Start of Given records
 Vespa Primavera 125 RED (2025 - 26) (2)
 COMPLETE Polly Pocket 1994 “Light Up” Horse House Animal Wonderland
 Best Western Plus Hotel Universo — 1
End of Given records
Start of Given records
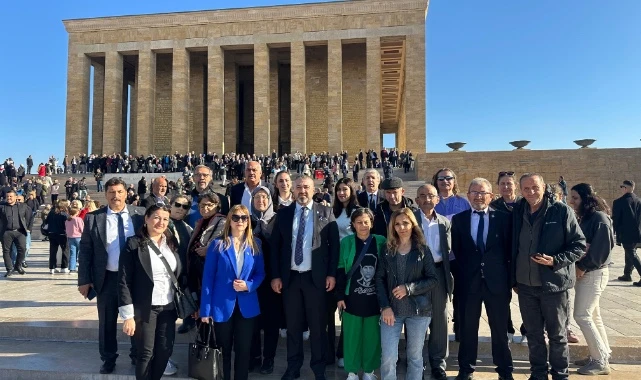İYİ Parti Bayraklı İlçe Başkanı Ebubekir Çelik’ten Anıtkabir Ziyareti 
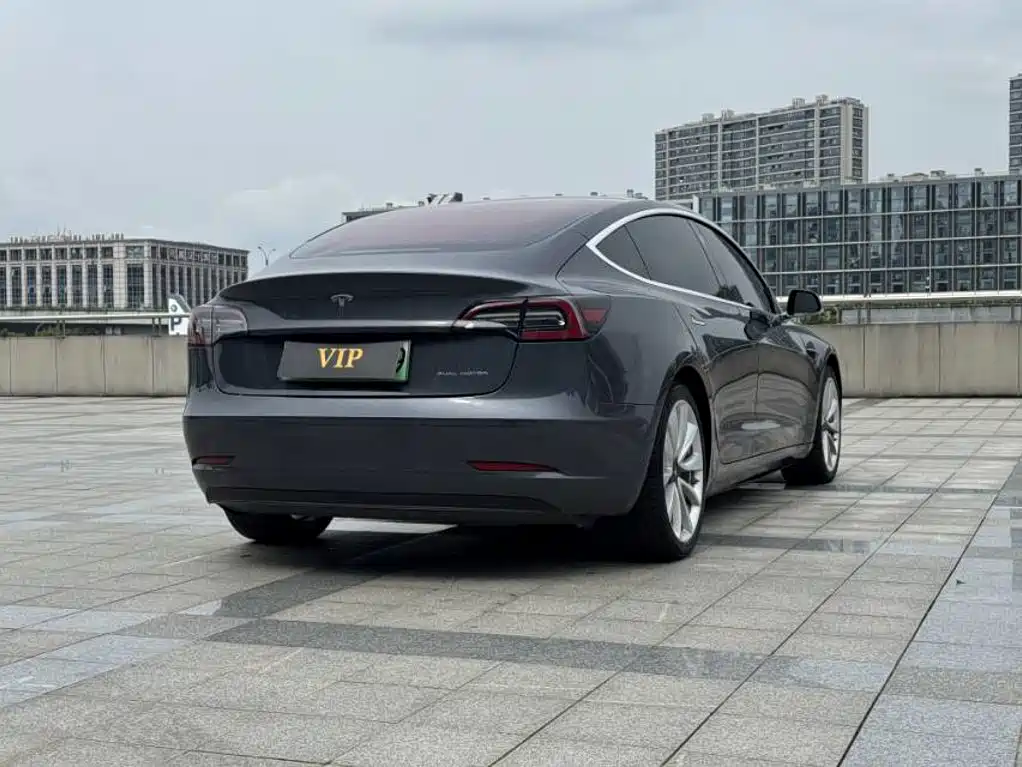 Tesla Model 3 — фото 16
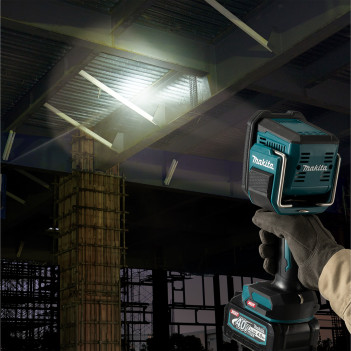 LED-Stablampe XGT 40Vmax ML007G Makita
End of Given records
Start of Given records
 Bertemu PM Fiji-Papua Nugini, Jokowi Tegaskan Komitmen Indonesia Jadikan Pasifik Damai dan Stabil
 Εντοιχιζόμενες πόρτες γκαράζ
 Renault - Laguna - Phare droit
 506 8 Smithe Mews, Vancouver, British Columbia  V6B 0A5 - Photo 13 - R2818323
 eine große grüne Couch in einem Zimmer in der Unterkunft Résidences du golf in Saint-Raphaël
End of Given records
Would you quote everything above from the line containing "506 8 Smithe" down to the line containing "eine große grüne"? Include both of those lines and nothing else.

• Result:
 506 8 Smithe Mews, Vancouver, British Columbia  V6B 0A5 - Photo 13 - R2818323
 eine große grüne Couch in einem Zimmer in der Unterkunft Résidences du golf in Saint-Raphaël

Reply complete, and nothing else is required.